[Start of section]
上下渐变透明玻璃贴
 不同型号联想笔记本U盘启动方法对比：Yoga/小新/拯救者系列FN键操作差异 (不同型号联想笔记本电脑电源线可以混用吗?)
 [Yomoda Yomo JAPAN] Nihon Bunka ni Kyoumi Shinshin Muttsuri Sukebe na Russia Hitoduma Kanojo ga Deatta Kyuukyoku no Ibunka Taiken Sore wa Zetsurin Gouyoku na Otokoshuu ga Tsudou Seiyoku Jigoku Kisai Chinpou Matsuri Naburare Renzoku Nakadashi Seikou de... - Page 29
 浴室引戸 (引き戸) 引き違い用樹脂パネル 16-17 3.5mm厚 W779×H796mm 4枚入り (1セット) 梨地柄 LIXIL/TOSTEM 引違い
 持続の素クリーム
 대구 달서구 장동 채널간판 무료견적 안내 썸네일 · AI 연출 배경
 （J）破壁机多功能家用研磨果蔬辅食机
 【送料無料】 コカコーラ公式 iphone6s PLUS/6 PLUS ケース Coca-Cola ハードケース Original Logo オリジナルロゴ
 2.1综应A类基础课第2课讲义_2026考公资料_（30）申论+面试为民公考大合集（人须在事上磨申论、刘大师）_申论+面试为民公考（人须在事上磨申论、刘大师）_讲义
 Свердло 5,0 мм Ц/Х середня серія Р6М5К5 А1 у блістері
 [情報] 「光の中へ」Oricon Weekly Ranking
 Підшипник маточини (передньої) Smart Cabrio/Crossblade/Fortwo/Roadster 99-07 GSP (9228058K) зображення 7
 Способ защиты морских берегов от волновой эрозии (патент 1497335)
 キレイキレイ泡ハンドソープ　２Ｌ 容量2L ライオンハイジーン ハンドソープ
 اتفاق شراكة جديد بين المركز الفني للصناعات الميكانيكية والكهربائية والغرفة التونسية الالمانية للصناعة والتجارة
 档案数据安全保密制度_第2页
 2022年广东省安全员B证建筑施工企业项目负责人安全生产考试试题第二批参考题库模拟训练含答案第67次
[End of section]
▶ The problem:
Give the records above again in full, keeping every character unchanged.

▶ Written response:
上下渐变透明玻璃贴
 不同型号联想笔记本U盘启动方法对比：Yoga/小新/拯救者系列FN键操作差异 (不同型号联想笔记本电脑电源线可以混用吗?)
 [Yomoda Yomo JAPAN] Nihon Bunka ni Kyoumi Shinshin Muttsuri Sukebe na Russia Hitoduma Kanojo ga Deatta Kyuukyoku no Ibunka Taiken Sore wa Zetsurin Gouyoku na Otokoshuu ga Tsudou Seiyoku Jigoku Kisai Chinpou Matsuri Naburare Renzoku Nakadashi Seikou de... - Page 29
 浴室引戸 (引き戸) 引き違い用樹脂パネル 16-17 3.5mm厚 W779×H796mm 4枚入り (1セット) 梨地柄 LIXIL/TOSTEM 引違い
 持続の素クリーム
 대구 달서구 장동 채널간판 무료견적 안내 썸네일 · AI 연출 배경
 （J）破壁机多功能家用研磨果蔬辅食机
 【送料無料】 コカコーラ公式 iphone6s PLUS/6 PLUS ケース Coca-Cola ハードケース Original Logo オリジナルロゴ
 2.1综应A类基础课第2课讲义_2026考公资料_（30）申论+面试为民公考大合集（人须在事上磨申论、刘大师）_申论+面试为民公考（人须在事上磨申论、刘大师）_讲义
 Свердло 5,0 мм Ц/Х середня серія Р6М5К5 А1 у блістері
 [情報] 「光の中へ」Oricon Weekly Ranking
 Підшипник маточини (передньої) Smart Cabrio/Crossblade/Fortwo/Roadster 99-07 GSP (9228058K) зображення 7
 Способ защиты морских берегов от волновой эрозии (патент 1497335)
 キレイキレイ泡ハンドソープ　２Ｌ 容量2L ライオンハイジーン ハンドソープ
 اتفاق شراكة جديد بين المركز الفني للصناعات الميكانيكية والكهربائية والغرفة التونسية الالمانية للصناعة والتجارة
 档案数据安全保密制度_第2页
 2022年广东省安全员B证建筑施工企业项目负责人安全生产考试试题第二批参考题库模拟训练含答案第67次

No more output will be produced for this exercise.